Sequence is a term that indicates a connected series of joined base molecules - a polymer of subunits. For DNA and RNA the bases (or monomeric subunits) are nucleotides. For proteins the bases are amino acids. In the cell, the polymers that comprise DNA or RNA or proteins exist in many discrete molecules. DNA polymers are further organized into structures called chromosomes.

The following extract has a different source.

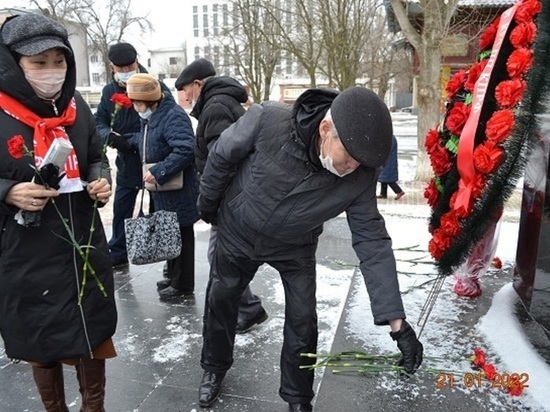 Коммунисты Калмыкии почтили память вождя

Direct sequencing techniques follow a multistep pathway. The initial phase of a sequencing run produces raw sequence with a qualification of the quality of the raw sequence. The raw sequence is then subject to further computational analysis. In traditional sequencing the product is a single 'read' and the initial step is often the final step. However, in techniques such as next-generation sequencing, the initial step is massively parallel and many 'reads' result. The next phase for massively parallel sequencing techniques is to align the 'reads' to each other and a reference sequence, which acts as a scaffold to aid in assembling 'reads,' in order to create longer, contiguous series of sequences. The next phase for traditional and highly-parallel sequencing techniques is to compare the sequence, or sequence of the assembled 'reads,' to a reference sequence. This comparison produces indientification of variance and quality scores.

Inferential techniques for determining variants in sequences rely upon a standard as a reference. For example, inference from microarrays is done through comparing the signal produced by a sample to a known standard reference. In the case of microarrays, the probe set used conveys the positions interrogated. In Mass spectrometry, the standard is the mass of a known reference. In inferential techniques the output is the presence or absence of variation with a technique specific measurement of accuracy.